A new harbor in Scow Bay isn’t going to happen overnight. But the votes by the assembly represent some of the first steps toward the potential there. Harbormaster Glorianne Wollen said there’s a lack of space to put larger boats in the existing harbors and chance for federal money.
“There’s opportunity out there coming from the Corps of Engineers, coming from our federal lobbyist that says be prepared, that there’ll be money for harbor development if they ever pass a congressional budget,” Wollen told the assembly. “So we’re looking for a tool to explore some of these, we kind of have three things going, moving parts going, out there in Scow Bay and if we can get them onto one piece of paper that you are able to use as a tool as we move forward asking for funding, I think it would be a real advantage.”
One of those parts that the borough’s already been seeking money for is an improved and expanded boat haul out and wash down facility. That’s already had design work completed by the Petersburg Economic Development Council. But Wollen is also hoping for a new dredged harbor with mooring floats and another drive down float. And the borough could incorporate new mooring space and upland facilities for the U.S. Coast Guard.
That was an attractive part of the plan for assembly member Dave Kensinger, who brought up the Coast Guard’s plans to replace aging buoy tenders, while reducing the numbers of those ships.
“Where a lot of this proposal comes in at is trying to figure out what we can show to the Coast Guard that we have the facilities here and the willingness as a community to support one of these new buoy tenders,” Kensinger said.
Kensinger said the steps do not commit Petersburg to developing the area but would show what’s possible there.
“If we want to have this community grow, if we want to be a place where people want to have large vessels, small vessels, we need to have a place for them to haul their vessels out, work on them and moor them,” he said. “Of anything that we can do in the community, this is the biggest economic development project that we can have.”

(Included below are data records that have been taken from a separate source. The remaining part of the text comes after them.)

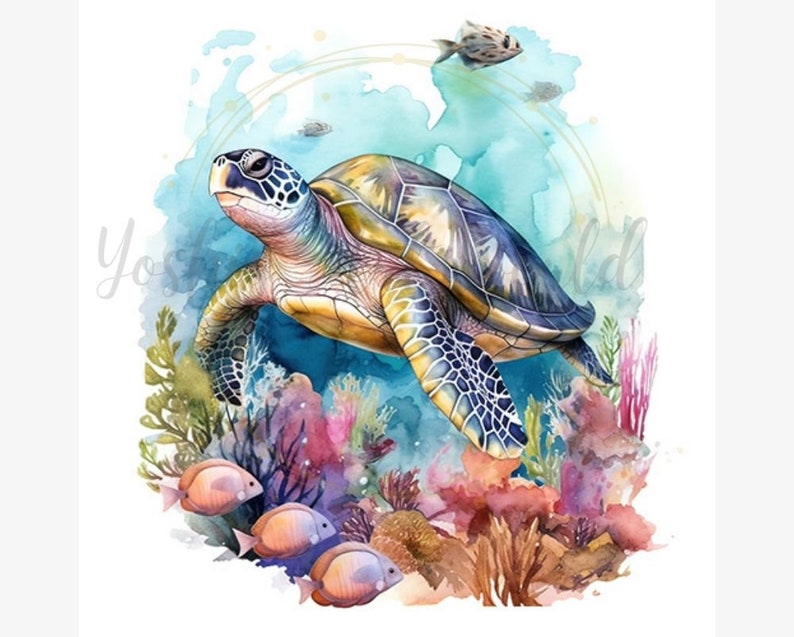 Pu&ograve; includere: Illustrazione ad acquerello di una tartaruga marina che nuota in una vivace barriera corallina. La tartaruga ha un guscio a motivi con sfumature di verde, giallo e blu. La barriera corallina presenta coralli e pesci colorati, su sfondo blu e turchese.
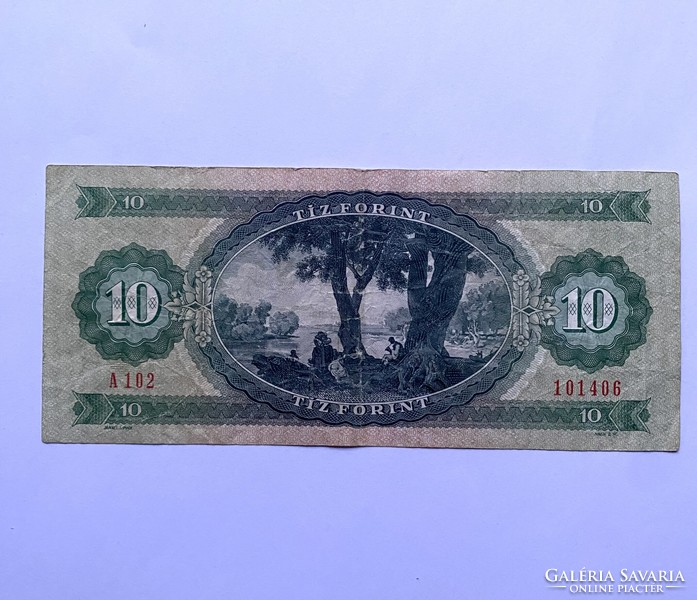 Ten forints 10 forints 1975 October 28. Series a102 last series paper 10 feet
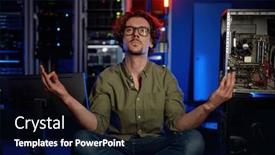  Presentation with server - Slide set enhanced with pensive-technician-meditating-in-server background and a wine colored foreground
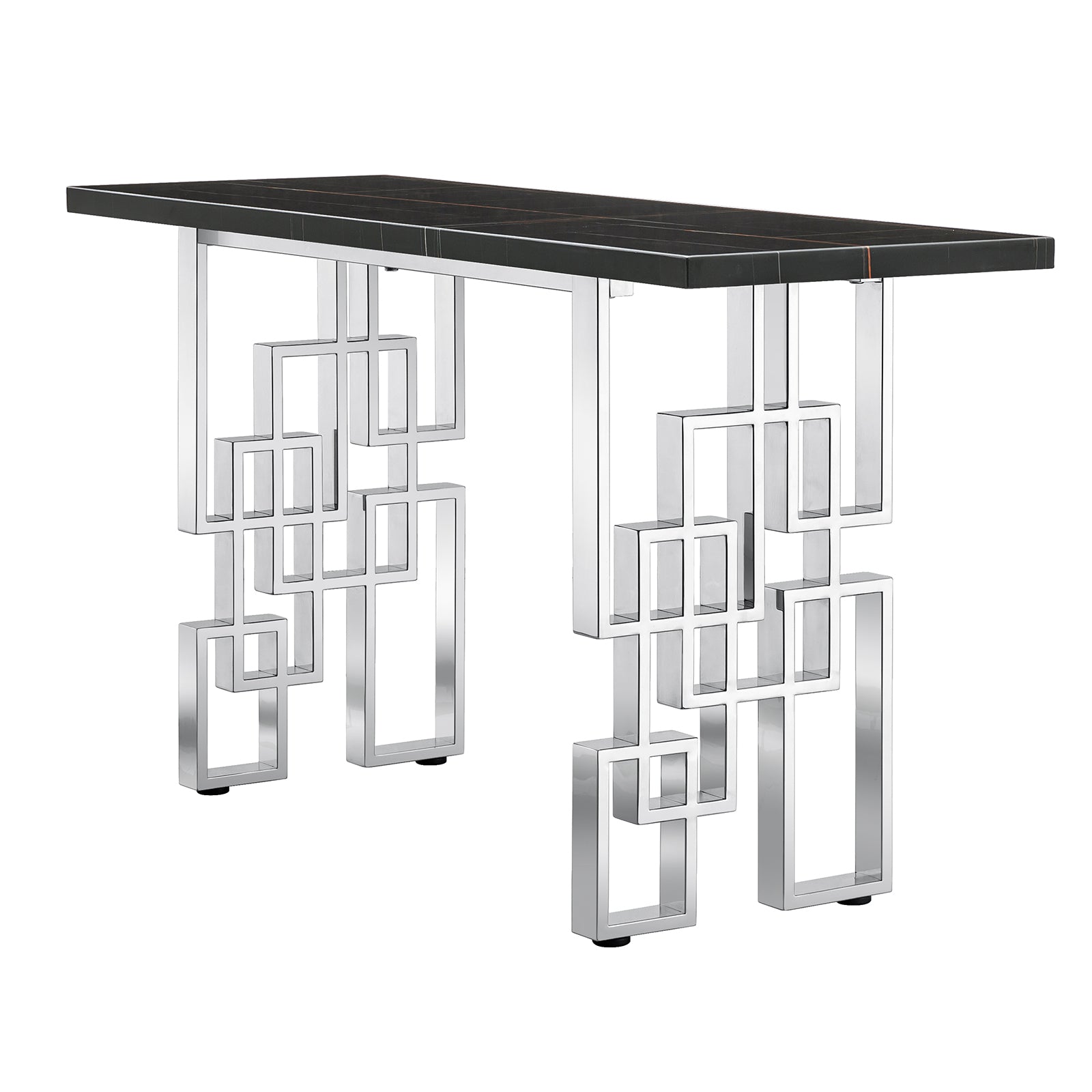 Black Silver Sofa table with geometric legs | S520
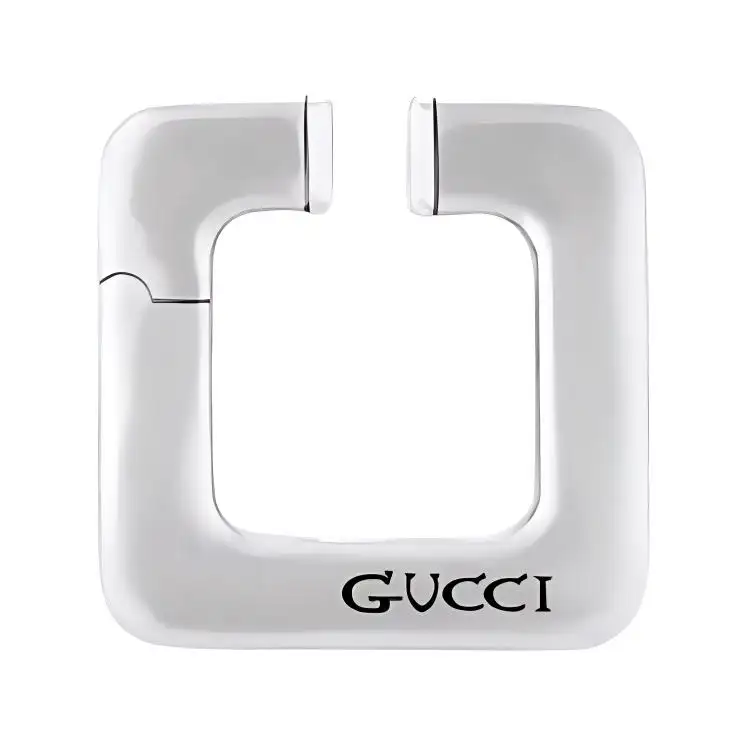 GUCCI Interlocking Brass Clip On Earrings Unisex Silver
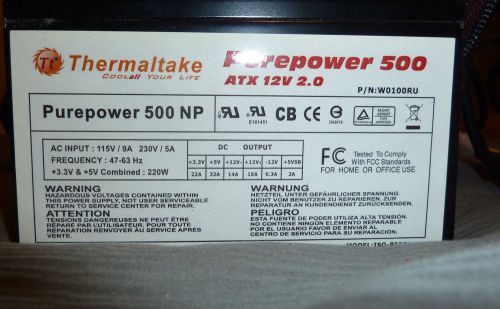 Thermaltake PurePower 500 NP W0100RU 500W Power Supply ATX 12V 2.0 *PS624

The vote was unanimous to pay PND Engineers up to $15,000 for a conceptual plan that would incorporate older designs for the boat haul out, a dredged mooring basin, break water, mooring floats, drive down float and Coast Guard facility. The engineers will bring that to the Coast Guard and modify it if needed. The borough would have to pay the engineering firm more for cost estimates and future public meetings on the conceptual plan.

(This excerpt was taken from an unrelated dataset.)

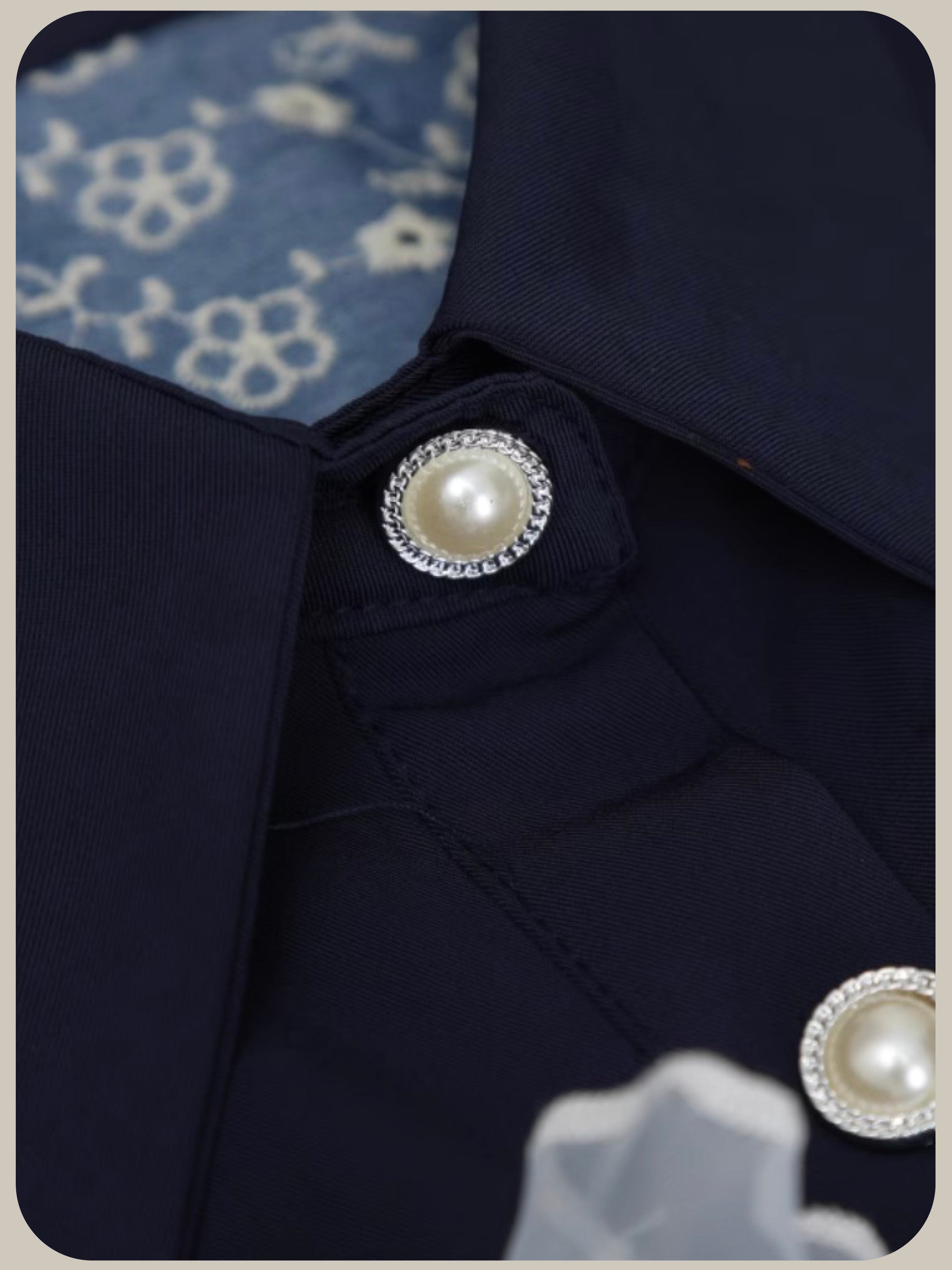 Pearl Button Frill Deco Shirt/パールボタンフリルデコシャツ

Boat hauling business owner John Murgas leases land for his business at Scow Bay. He asked the assembly to involve the harbor board in defining the scope of any conceptual plan. Murgas noted the board approved a plan for Scow Bay five years ago but said things have changed since then.

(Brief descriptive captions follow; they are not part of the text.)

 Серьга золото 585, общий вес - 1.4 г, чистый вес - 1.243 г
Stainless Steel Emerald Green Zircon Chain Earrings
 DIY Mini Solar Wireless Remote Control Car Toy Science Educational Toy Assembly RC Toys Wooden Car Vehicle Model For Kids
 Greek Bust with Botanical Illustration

“In the past five years alone there have been over 500 large vessel hauls with hydraulic trailers at Scow Bay and extreme knowledge gained,” Murgas said. “When I look at the topics PND proposes to address in its proposal, I see some big gaps that I know the harbor board members would also want to address.”
Local voters in 2017 approved spending half a million dollars to plan for a Scow Bay haul out but the funding’s yet to be secured for constructing that.
The assembly also voted 7-0 to allow the borough to seek help from the U.S. Army Corps of Engineers for investigating the possibility of dredging a mooring basin and building a break water in Scow Bay. Harbormaster Wollen told the assembly the Corps is looking for projects it could help fund.
“If they’ll come in and put a basin in and a breakwater in, that’s a big piece to that Scow Bay puzzle that would really kick the can down the road of development out there,” Wollen said.
The local government is already partnering with the Corps on dredging planned for South Harbor. The federal agency took a cursory look at development of a new Scow Bay site in its review for the South Harbor work.